A cultura bancária da exigência do máximo de garantias leva à prática frequente do condicionamento dos créditos à prestação de garantias dos sócios-gerentes ou administradores das empresas, o que, por sua vez, muitas vezes, motiva o início de um “jogo do gato e do rato”, em que os garantes pretendem salvar o seu património pessoal, com vendas simuladas ou por preço vil, doações, divórcios meramente formais, etc., etc., etc..
Ora, a lei também prevê estes cenários e disponibiliza, entre outros, dois importantes mecanismos de reacção para os credores: o direito ao reforço de garantias e a impugnação pauliana.
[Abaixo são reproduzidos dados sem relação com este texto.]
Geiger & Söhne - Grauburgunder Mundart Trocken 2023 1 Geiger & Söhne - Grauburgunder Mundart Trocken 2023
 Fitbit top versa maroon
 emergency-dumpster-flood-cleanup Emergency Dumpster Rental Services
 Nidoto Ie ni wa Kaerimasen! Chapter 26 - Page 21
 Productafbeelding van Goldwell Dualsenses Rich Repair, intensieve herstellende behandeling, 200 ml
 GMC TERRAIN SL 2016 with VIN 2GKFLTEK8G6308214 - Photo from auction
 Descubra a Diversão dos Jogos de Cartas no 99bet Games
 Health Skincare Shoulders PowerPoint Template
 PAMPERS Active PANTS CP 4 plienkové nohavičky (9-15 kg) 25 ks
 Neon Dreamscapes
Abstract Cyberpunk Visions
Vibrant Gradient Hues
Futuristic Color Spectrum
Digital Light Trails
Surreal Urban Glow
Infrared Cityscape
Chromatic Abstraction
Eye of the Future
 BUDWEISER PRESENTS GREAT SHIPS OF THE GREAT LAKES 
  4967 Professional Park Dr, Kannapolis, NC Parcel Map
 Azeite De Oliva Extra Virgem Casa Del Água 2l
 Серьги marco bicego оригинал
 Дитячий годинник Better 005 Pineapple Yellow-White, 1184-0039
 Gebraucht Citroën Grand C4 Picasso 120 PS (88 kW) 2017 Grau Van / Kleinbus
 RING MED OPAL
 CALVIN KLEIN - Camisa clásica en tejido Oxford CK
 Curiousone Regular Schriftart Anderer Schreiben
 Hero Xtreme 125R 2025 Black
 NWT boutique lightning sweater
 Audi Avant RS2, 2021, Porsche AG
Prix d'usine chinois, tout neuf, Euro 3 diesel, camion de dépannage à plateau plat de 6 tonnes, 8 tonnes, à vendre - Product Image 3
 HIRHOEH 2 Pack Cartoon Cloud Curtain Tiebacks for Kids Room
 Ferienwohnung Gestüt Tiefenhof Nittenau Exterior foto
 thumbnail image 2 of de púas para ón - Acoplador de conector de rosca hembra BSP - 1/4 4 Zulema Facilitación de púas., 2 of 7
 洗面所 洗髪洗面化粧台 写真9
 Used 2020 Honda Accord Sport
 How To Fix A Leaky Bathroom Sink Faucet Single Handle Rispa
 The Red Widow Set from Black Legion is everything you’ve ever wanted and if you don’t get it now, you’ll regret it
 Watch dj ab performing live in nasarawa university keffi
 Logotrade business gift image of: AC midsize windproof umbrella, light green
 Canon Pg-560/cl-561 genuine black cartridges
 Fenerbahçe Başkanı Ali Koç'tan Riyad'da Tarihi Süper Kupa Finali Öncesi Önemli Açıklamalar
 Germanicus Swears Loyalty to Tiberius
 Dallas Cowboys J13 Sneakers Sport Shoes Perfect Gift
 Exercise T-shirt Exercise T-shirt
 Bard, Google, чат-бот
Sabendo que o crédito é, por definição, o motor da economia, será da natureza das coisas que cada uma das partes explore ao máximo os alçapões da lei? Ou será verdadeira, apesar de cruel, a ideia malthusiana de que a economia é um banquete em que não há talher posto para todos?
MARISA SILVA MONTEIRO
Advogada – Coordenadora de Financeiro & Garantias da JPAB
Boa tarde
Se a empresa fica insolvente as dívidas fiscais também não serão responsabilidade dos sócio ou sócios gerentes ?
Boa tarde,
Numa sociedade de empresa , quando a sócia gerente dá envolvência da empresa e pessoal , as dividas bancárias recaem na totalidade sobre a outra sócia ou só recae metade?
Obrigada
Boa noite.
Tive um negocio durante cinco anos que sempre deu prejuízo, consegui passar o negocio vendi toda a mercadoria e imobilizado, e a empresa nao tem mais nada, sou a unica gerente e é uma sociedade Unipessoal por quotas. Paguei as dívidas que consegui com a venda do imobilizado e da mercadoria mas nao foi o suficiente para pagar a todos os credores. Ficou em dívida o valor de 12 mil euros a um fornecedor que ja me informou que vai enviar para a via judicial. A empresa nao tem bens e nao tenho mesmo forma de pagar. Sou responsável a título pessoal dessa dívida?
Obrigada
IR
Excelente e esclarecedor.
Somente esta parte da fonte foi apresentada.